Russian Major General Accused of Ordering Abuses
Detainees were allegedly held in refrigerators and denied food and medical treatment.
A Russian commander stands accused of ordering the brutal treatment of prisoners of war and civilians in Hostomel, Kyiv region, at the beginning of Russia's full-scale invasion of Ukraine.
Vadym Pankov, 55, is accused of a war crime under Part 1 of Article 438 of the Criminal Code of Ukraine concerning the violation of the laws and customs of war.
Pankov, originally from the Gomel region of Belarus, has a Russian passport and lives in Moscow. He graduated from the Kyiv Higher General Military Command School in 1990 and took the oath of allegiance to the people of Ukraine in 1992, when he served in the armed forces and was the commander of a specialist group in a military unit in the Ukrainian city of Kirovohrad, now Kropyvnytskyi.
In 1993, he moved to Russia and graduated from the General Military Academy of the Armed Forces of the Russian Federation in 2003. Since 2014, he has been the commander of the 45th special brigade of the Airborne Forces of the Russian Armed Forces, stationed in the city of Kubinka, Moscow region.
According to Ukrainian military intelligence, Pankov took part in armed conflicts on the territory of the former Soviet Union, including as a participant in the first and second Chechen wars. In 2001, he received the title of Hero of Russia for his role serving in the territory of the North Caucasus. His brigade took part in the occupation of Crimea in 2014 and in hostilities in the east of Ukraine, including carrying out sabotage and reconnaissance tasks around Mariupol.
At the beginning of the full-scale Russian invasion of Ukraine, Pankov commanded the seizure of Antonov airport in the village of Hostomel. A year later, in February 2023, he was promoted to the rank of major general.
The Ukrainian pre-trial investigation established that the Russian army seized the airport in the afternoon of February 24, 2022 and controlled it until March 7. The airport was a strategically important facility, located ten kilometres from Kyiv and capable of receiving military aircraft. Its capture could have significantly expanded the capabilities of the Russian army to establish control over the capital of Ukraine.
According to the investigation, after seizing the village of Hostomel and the airport on Pankov's instructions, the Russians captured 28 Ukrainian soldiers, including 13 border guards and 13 national guardsmen. The Russian military also killed 30 local residents who were hiding from shelling in the basements of houses.
All the prisoners were taken by the Russian military to a basement on the territory of the airport and kept in very cold conditions, without ventilation, lighting, bedding or proper sanitary facilities.
On March 2, the prisoners were divided into groups and placed in refrigerators in the airport cafeteria. These were cold and damp and people were forced to sleep on the bare concrete. Prisoners were not provided with medical care, and allocated approximately one spoonful of porridge and 150 ml of water per person per day.
Around March 3-5, Pankov ordered six prisoners to be taken to load the corpses of Russian soldiers into trucks. He also warned the detainees that a journalist from a Russian TV channel would be coming to interview them and that no one should complain about the conditions of their captivity.
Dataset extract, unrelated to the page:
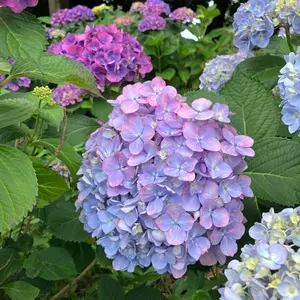 ヴァンガード フェスティバルブースター2025 30BOX 未開封 カートン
Subsequently, a journalist from the Pervyi Kanal Russian channel visited the prisoners and filmed a report about Hostomel airport.
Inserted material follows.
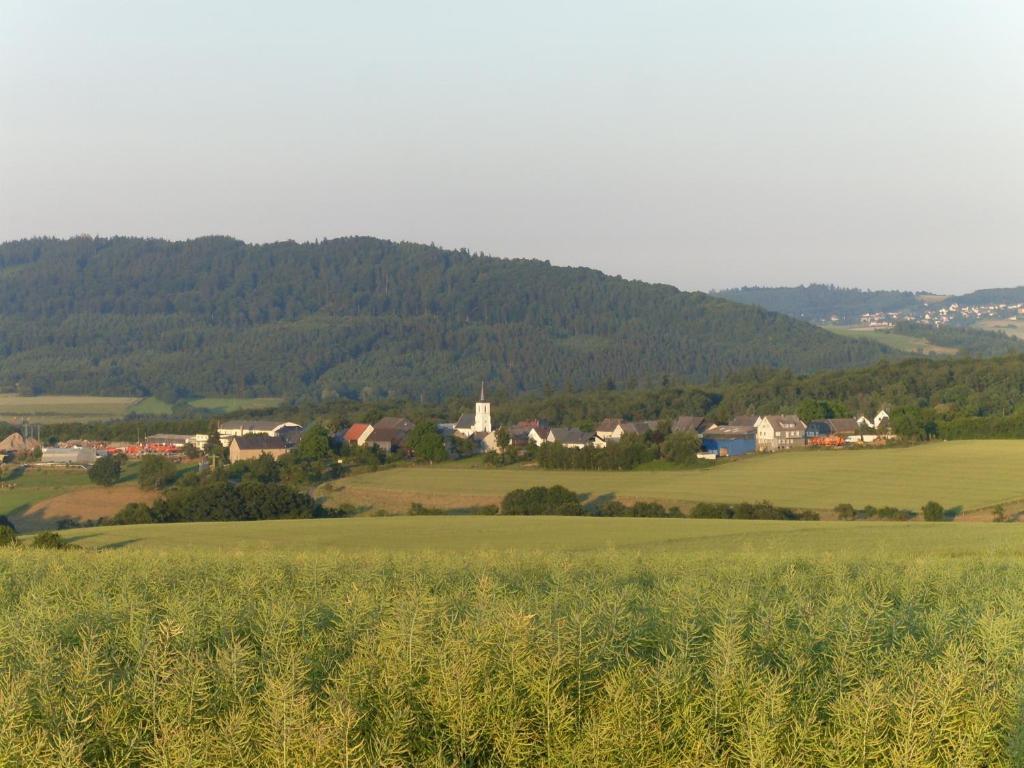 Haus Irmgard Villa Schlierschied Exterior photo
The investigation alleges that Pankov was fully aware of these conditions of detention. It maintains that Pankov, as a military official with a long record of service in the Russian army, was familiar with the laws and customs of war and therefore was clearly aware of the criminality of his orders.
On March 7 2022, Russian troops began to withdraw from the Antonov airport. According to the prosecution, they illegally moved their prisoners through the Republic of Belarus to various detention centres on the territory of Russia.
In early 2023, Ukrainian investigators informed the Russian commander of the suspicion in absentia. Pankov's case was sent to the Irpin city court in November and the Russian major-general has now been summoned. A lawyer from the free legal aid centre has been appointed for him.
The details of the indictment and the fate of the prisoners will be known only when the court grants permission for a special trial in the absence of the accused. If there are motions for the non-disclosure of information about the Ukrainian military, the court may be held in closed session.